[j-nsp] Qfabric

Clarke Morledge chmorl at wm.edu
Sat Feb 26 08:53:30 EST 2011


Guys, I know we've probably beaten this thread to death, but I'd like to 
get back to Keegan's original question on the thread:  so what exactly is 
Qfabric?

Stefan's description that it improves on TRILL by eliminating the 
forwarding table lookup along the path is intriguing.
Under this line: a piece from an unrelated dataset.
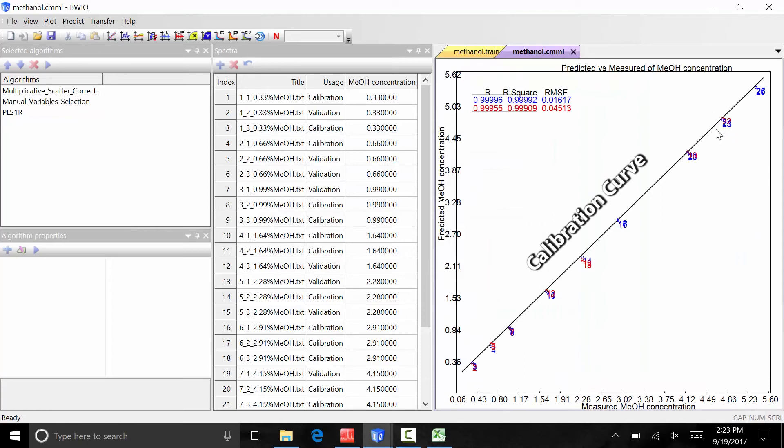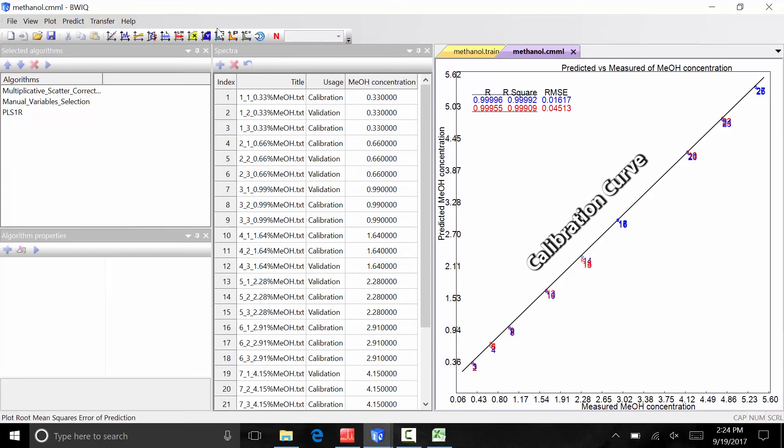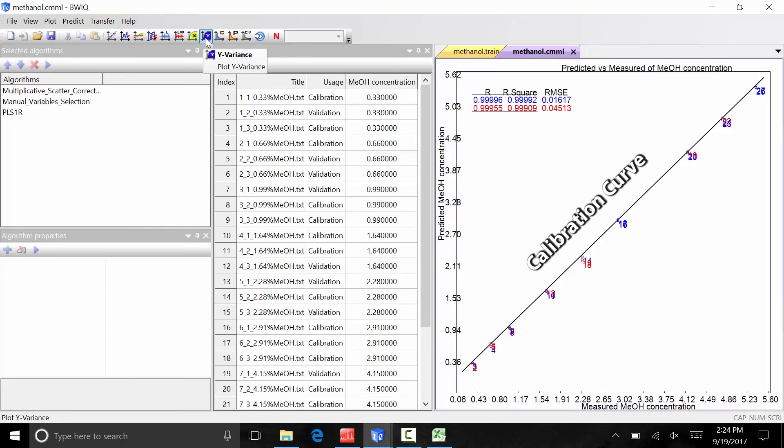The blue data on the curve corresponds to the calibration samples, while the red data are the validation samples. The r, r squared, and root mean square deviation coefficients for the calibration and validation sets are also calculated, indicating the linearity of the calibration model. There are several other plots available to view the calibration and validation data, including loadings, variants, and residuals.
Doug's suggestion 
that L2/L3 forwarding is integrated to avoid the hairpin turns along an 
IRB interface as in VPLS is very helpful.  Another comment is this is a 
lot like ATM with MPOA shortcuts.

All of this is great, but as I am wading through the marketing material 
and the whitepapers, I find myself trying to remember to lookup what 
"fungible" is instead of getting a good idea on how Juniper is actually 
solving the problem.

We have a good twenty plus years of work on things ranging from ATM/MPOA 
to MPLS/VPLS to now IETF's TRILL and IEEE's Shortest Path Bridging.  The 
solutions offered in these standards have their pluses and minuses, but at 
least there are (relatively) well understood published details.

Frankly, I am quite annoyed over the whole flap between IETF TRILL and 
IEEE Shortest Path Bridging.  This type of bickering in the standards' 
community doesn't help matters, and it only encourages folks like Juniper 
to take a different approach.

It seems like we are left with these proprietary solutions like QFabric, 
which comes across like "Virtual Chassis on Steroids".  But I've seen 
Virtual Chassis do some weird things, and trying to get intelligent 
information out of Juniper to try to explain them is difficult.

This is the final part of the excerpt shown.